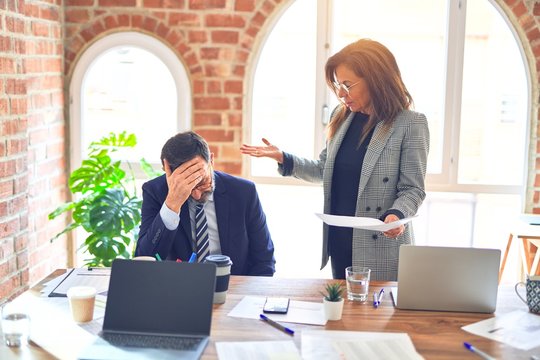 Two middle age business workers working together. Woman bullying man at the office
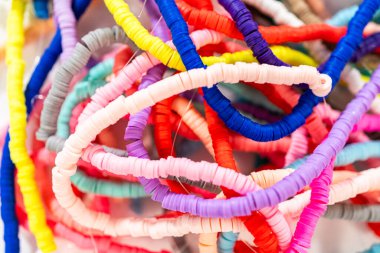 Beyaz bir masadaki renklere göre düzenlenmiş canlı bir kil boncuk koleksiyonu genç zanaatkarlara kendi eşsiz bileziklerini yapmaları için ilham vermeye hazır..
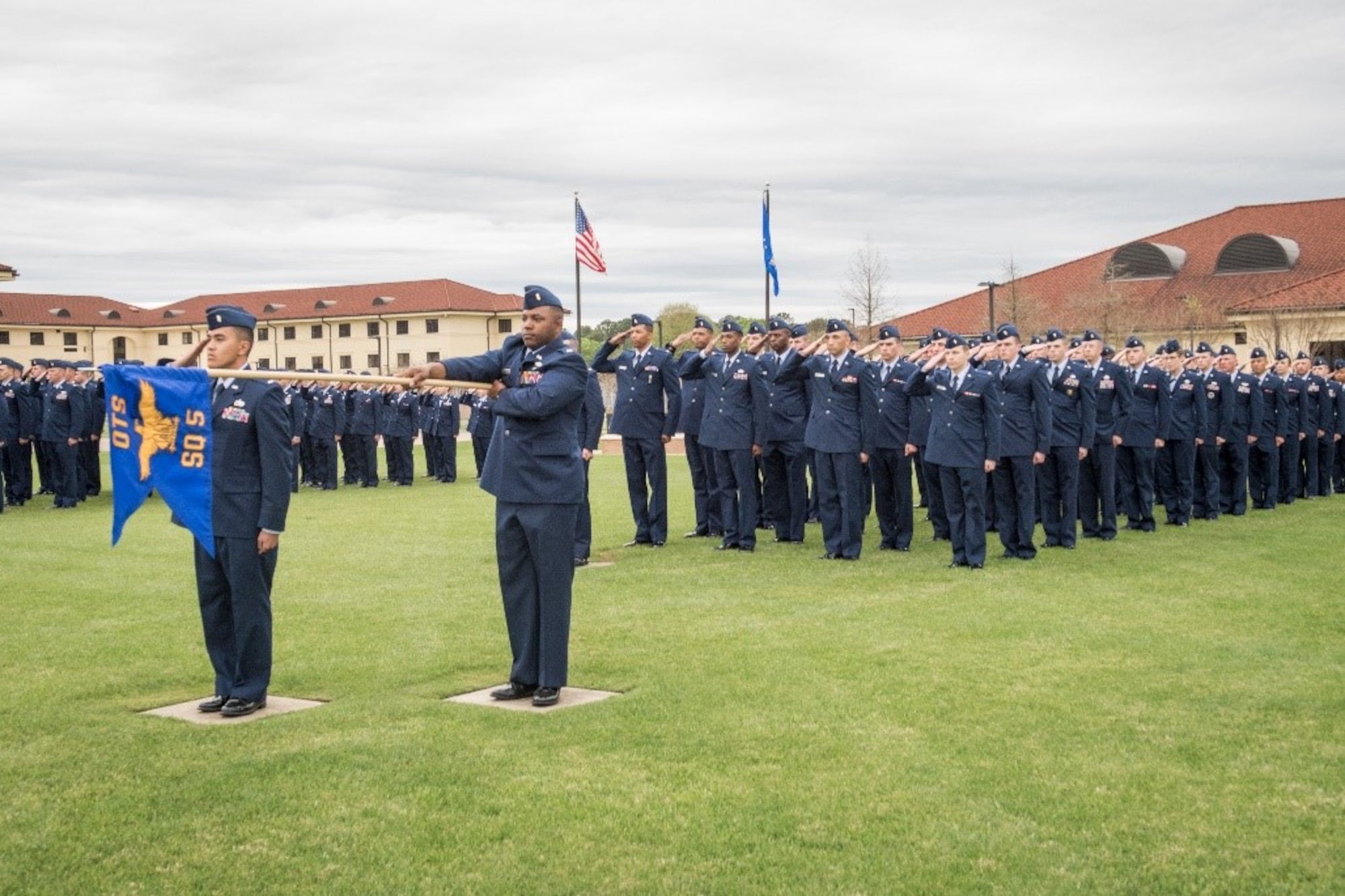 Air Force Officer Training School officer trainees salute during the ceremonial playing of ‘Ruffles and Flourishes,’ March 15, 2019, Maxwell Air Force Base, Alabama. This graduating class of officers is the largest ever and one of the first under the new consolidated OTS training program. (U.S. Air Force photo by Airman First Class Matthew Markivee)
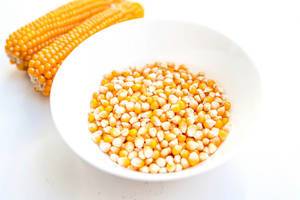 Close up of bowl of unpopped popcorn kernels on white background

---

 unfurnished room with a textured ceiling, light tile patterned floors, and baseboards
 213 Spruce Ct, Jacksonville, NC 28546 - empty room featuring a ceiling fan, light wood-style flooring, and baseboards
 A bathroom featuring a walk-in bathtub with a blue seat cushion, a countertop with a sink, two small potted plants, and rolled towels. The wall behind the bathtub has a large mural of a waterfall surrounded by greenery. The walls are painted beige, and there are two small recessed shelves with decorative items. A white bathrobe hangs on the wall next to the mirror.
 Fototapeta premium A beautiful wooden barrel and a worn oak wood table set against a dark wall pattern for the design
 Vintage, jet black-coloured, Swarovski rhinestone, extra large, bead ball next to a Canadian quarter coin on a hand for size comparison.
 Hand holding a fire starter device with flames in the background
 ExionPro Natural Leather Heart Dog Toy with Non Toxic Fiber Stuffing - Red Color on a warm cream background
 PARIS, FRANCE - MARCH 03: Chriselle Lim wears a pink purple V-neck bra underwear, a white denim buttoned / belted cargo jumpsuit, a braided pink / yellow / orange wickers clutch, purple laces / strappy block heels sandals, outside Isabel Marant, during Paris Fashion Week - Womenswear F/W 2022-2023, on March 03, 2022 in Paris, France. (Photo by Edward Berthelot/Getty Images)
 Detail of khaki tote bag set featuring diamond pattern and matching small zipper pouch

--

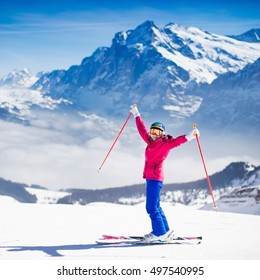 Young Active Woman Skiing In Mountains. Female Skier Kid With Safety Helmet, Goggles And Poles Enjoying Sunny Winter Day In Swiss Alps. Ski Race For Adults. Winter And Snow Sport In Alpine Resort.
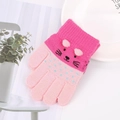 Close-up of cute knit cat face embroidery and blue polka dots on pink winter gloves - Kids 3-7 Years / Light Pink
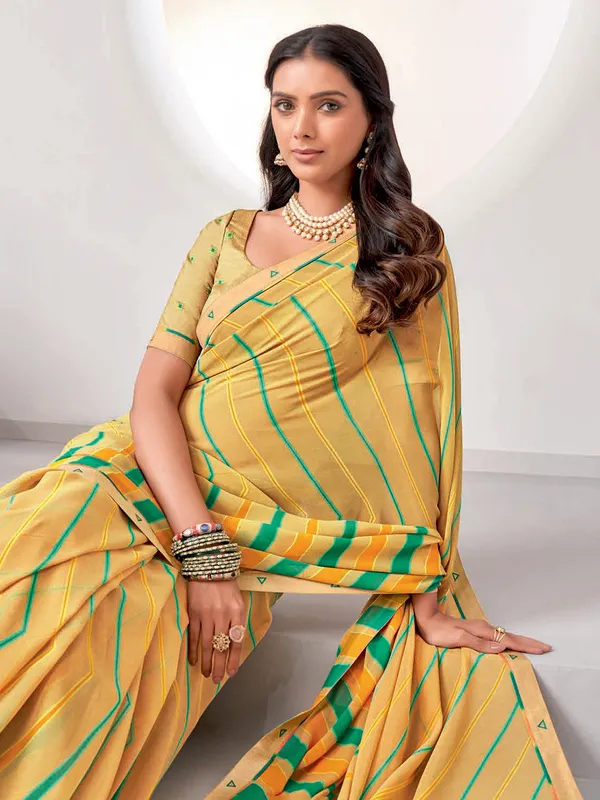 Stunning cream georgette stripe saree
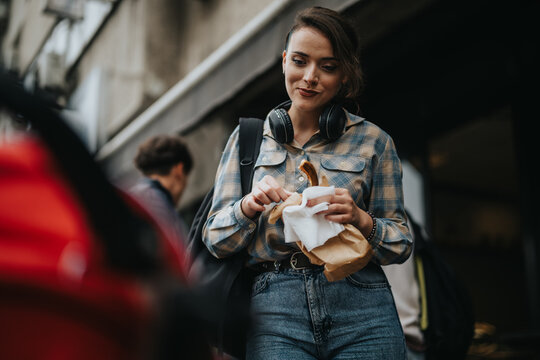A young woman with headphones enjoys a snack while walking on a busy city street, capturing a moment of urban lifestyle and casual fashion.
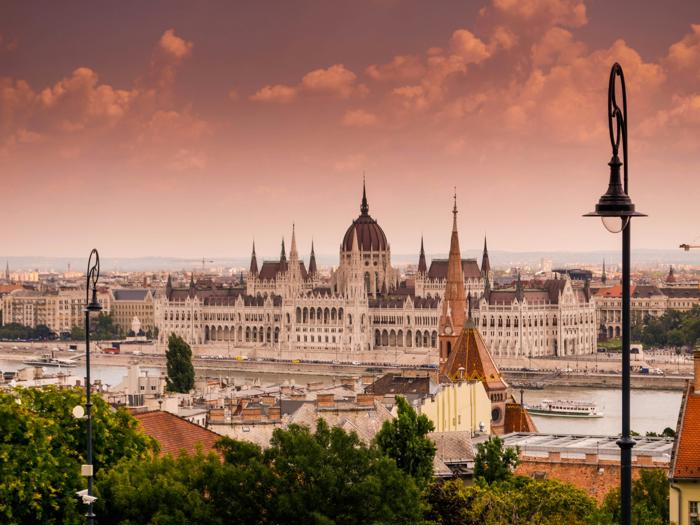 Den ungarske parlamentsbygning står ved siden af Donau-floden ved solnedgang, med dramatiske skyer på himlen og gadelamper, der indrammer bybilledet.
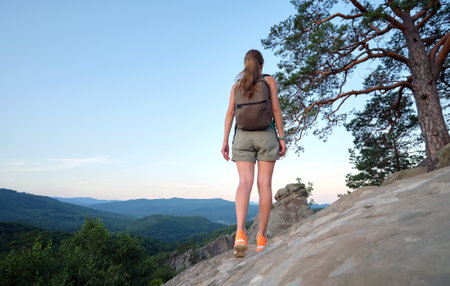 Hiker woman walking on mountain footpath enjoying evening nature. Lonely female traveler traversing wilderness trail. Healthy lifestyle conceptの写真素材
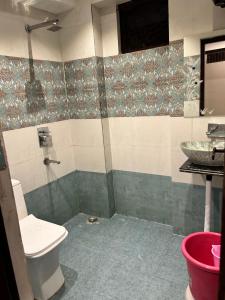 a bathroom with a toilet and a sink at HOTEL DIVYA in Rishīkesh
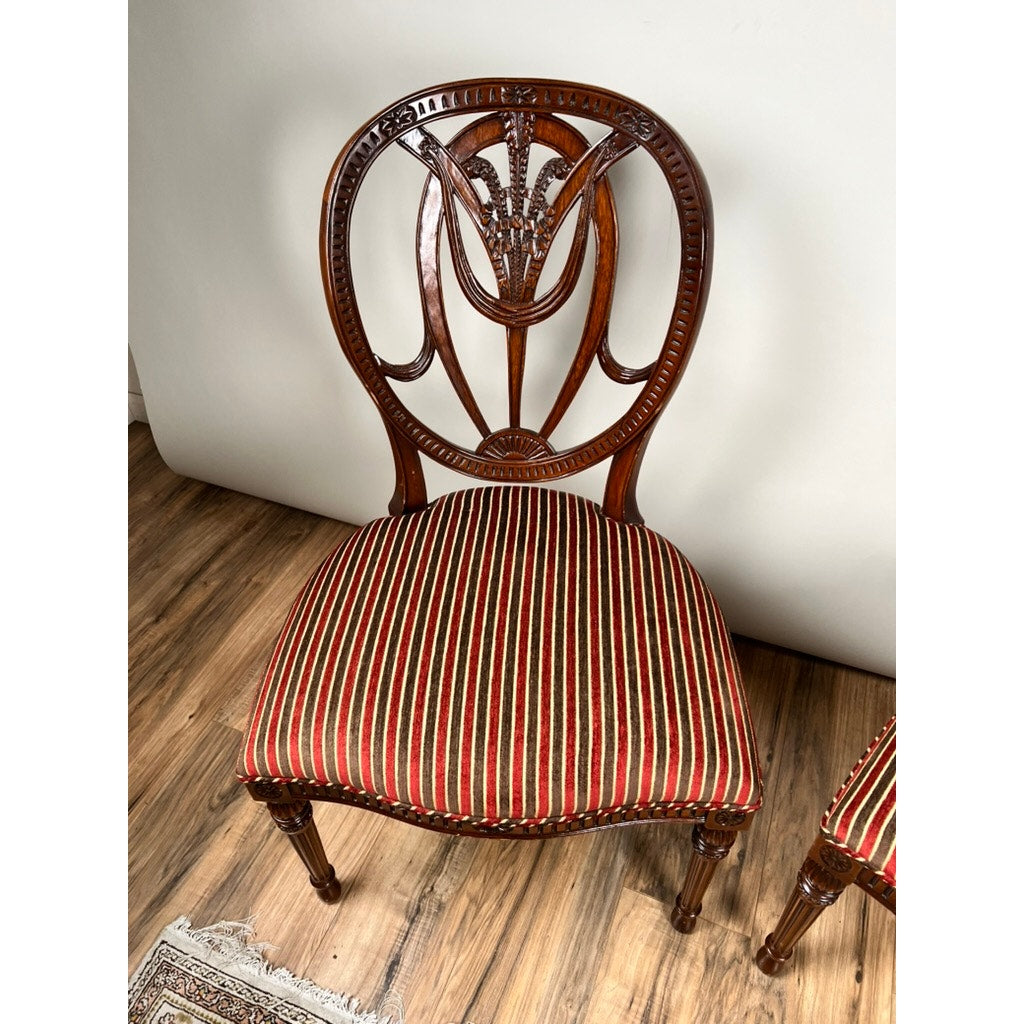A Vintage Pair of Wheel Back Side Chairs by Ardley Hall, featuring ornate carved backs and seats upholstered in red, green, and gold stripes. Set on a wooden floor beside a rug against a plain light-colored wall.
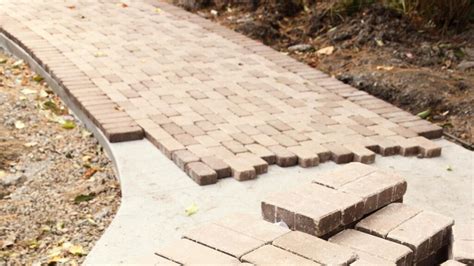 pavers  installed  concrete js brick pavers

Exercise objective
Working from the material above, restate word for word the lines between the line with "Hand holding a" and the line with "Detail of khaki", both included, and only those.

Solution to this exercise
 Hand holding a fire starter device with flames in the background
 ExionPro Natural Leather Heart Dog Toy with Non Toxic Fiber Stuffing - Red Color on a warm cream background
 PARIS, FRANCE - MARCH 03: Chriselle Lim wears a pink purple V-neck bra underwear, a white denim buttoned / belted cargo jumpsuit, a braided pink / yellow / orange wickers clutch, purple laces / strappy block heels sandals, outside Isabel Marant, during Paris Fashion Week - Womenswear F/W 2022-2023, on March 03, 2022 in Paris, France. (Photo by Edward Berthelot/Getty Images)
 Detail of khaki tote bag set featuring diamond pattern and matching small zipper pouch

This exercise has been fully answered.